LECTURA: El Estatuto de Bayona
Aunque ya durante el Antiguo Régimen existieron leyes fundamentales que los monarcas absolutos debían respetar (La Carta de Carlomagno de 1215, o las leyes elaboradas por el Parlamento Británico durante el reinado de Enrique VIII), lo cierto es que hasta el siglo XVIII no se inicia una corriente de pensamiento basada en la necesidad de plasmar en una ley los derechos individuales de los ciudadanos y de racionalizar el poder, hasta entonces en manos de una sola persona, adecuándolo a las necesidades del Estado. Montesquieu, uno de los máximos exponentes del movimiento ilustrado, al hablar de un ideal de gobierno moderado o constitucionalista, se basaba en la adecuación entre la forma de ser de la población y la configuración del gobierno.
Dos hechos históricos marcaron decididamente el movimiento constitucionalista contemporáneo: la proclamación de independencia de los Estados Unidos de América, el 4 de julio de 1776, y la Revolución Francesa del 14 de julio de 1789.

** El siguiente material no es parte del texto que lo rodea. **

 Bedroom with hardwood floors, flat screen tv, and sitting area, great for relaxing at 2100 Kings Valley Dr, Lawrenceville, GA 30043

En la Declaración de Independencia de las 13 colonias americanas, redactada por Thomas Jefferson, se dice: «Consideramos evidentes por sí mismas las siguientes verdades: todos los hombres han sido creados iguales; el Creador les ha concedido ciertos derechos inalienables; entre estos derechos se cuentan: la vida, la libertad y la busca de la felicidad. Los gobiernos son establecidos entre los hombres para garantizar esos derechos y su justo poder emana del consentimiento de los gobernados».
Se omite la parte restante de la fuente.